Exercise: Everything from the top of the data below through the line with "Empty attic space" should be duplicated exactly, and nothing past it.

Supplied entries:

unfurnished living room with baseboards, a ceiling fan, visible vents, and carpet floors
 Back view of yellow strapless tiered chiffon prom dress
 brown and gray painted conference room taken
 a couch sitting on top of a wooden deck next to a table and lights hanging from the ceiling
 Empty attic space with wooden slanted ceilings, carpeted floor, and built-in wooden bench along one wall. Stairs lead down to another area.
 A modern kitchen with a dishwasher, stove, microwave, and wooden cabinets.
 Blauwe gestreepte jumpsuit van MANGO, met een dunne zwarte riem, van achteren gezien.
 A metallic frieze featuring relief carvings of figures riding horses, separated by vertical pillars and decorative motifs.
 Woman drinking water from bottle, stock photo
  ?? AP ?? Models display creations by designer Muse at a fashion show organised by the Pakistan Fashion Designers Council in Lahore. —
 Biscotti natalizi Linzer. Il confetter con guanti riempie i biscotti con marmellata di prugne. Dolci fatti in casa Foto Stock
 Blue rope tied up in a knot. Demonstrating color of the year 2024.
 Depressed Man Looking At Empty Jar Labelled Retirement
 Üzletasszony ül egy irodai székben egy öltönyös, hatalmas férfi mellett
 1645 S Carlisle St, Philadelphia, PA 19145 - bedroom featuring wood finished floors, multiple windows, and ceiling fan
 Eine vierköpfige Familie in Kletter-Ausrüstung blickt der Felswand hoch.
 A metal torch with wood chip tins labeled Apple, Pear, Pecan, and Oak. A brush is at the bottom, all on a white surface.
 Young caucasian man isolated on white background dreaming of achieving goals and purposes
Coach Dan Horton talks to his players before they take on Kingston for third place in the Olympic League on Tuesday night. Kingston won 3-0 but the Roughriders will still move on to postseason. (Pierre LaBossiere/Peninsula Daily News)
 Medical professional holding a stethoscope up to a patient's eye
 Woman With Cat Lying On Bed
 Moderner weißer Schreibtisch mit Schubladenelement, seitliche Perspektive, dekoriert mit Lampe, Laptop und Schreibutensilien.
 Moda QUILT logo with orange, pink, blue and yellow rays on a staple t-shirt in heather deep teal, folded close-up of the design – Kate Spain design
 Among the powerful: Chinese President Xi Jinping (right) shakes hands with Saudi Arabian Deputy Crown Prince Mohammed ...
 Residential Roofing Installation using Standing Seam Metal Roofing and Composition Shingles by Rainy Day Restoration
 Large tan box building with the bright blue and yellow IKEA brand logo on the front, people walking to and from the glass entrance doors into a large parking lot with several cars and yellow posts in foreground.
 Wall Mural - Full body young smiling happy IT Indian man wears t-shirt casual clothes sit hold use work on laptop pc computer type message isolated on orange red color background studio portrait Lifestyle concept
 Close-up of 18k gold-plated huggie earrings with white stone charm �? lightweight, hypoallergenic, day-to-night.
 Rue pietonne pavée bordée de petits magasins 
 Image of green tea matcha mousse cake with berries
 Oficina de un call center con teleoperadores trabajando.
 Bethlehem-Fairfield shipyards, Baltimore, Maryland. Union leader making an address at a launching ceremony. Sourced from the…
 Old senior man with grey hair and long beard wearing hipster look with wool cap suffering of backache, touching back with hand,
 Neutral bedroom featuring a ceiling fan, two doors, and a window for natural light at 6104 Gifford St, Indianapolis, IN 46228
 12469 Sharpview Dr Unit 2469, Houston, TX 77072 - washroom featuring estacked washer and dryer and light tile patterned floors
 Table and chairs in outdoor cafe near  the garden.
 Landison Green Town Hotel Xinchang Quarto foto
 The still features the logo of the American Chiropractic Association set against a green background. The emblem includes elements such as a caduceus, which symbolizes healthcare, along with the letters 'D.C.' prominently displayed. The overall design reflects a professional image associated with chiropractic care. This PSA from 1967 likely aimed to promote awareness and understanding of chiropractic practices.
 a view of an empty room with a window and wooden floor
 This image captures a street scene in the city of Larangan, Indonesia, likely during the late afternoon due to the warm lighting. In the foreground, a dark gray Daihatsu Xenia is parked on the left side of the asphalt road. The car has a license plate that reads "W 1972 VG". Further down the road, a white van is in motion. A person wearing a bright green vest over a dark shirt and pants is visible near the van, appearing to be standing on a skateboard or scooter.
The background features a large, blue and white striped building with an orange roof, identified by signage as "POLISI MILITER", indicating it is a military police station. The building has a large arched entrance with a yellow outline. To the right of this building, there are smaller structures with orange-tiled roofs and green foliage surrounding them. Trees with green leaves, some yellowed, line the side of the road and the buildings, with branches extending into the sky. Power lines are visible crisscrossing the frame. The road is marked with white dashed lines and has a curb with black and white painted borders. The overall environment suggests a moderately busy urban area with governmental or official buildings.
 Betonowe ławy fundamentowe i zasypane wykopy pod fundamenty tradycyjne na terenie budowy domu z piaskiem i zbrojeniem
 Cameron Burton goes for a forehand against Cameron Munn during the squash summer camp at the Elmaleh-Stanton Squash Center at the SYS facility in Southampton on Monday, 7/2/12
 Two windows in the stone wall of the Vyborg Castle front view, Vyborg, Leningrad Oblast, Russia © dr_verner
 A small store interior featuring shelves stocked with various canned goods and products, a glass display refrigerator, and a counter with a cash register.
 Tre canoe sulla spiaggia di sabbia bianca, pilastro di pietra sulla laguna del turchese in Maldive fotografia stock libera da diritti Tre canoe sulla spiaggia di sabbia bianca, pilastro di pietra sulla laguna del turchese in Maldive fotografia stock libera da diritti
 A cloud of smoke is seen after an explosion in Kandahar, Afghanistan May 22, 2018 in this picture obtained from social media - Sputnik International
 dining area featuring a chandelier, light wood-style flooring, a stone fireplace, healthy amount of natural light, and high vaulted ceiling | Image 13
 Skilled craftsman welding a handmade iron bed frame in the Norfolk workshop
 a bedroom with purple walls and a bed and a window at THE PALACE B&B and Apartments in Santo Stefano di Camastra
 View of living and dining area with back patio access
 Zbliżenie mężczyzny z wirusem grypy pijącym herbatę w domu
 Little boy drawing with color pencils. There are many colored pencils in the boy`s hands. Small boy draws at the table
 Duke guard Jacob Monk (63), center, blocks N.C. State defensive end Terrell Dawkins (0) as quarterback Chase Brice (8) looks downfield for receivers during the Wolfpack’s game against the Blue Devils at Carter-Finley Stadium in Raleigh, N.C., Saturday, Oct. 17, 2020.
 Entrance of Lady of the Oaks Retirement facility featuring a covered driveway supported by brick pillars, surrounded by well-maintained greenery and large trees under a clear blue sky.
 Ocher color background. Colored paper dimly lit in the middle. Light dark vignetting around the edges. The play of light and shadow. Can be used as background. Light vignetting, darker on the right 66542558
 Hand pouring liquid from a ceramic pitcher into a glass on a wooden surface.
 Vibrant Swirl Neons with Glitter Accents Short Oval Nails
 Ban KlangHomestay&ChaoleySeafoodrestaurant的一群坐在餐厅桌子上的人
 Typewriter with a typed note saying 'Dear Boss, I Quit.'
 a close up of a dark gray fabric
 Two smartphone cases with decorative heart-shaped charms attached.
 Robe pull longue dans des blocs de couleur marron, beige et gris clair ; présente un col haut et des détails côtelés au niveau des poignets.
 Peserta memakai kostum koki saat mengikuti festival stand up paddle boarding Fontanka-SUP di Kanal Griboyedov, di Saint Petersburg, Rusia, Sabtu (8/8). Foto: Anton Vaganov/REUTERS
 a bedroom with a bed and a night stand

Written solution:
unfurnished living room with baseboards, a ceiling fan, visible vents, and carpet floors
 Back view of yellow strapless tiered chiffon prom dress
 brown and gray painted conference room taken
 a couch sitting on top of a wooden deck next to a table and lights hanging from the ceiling
 Empty attic space with wooden slanted ceilings, carpeted floor, and built-in wooden bench along one wall. Stairs lead down to another area.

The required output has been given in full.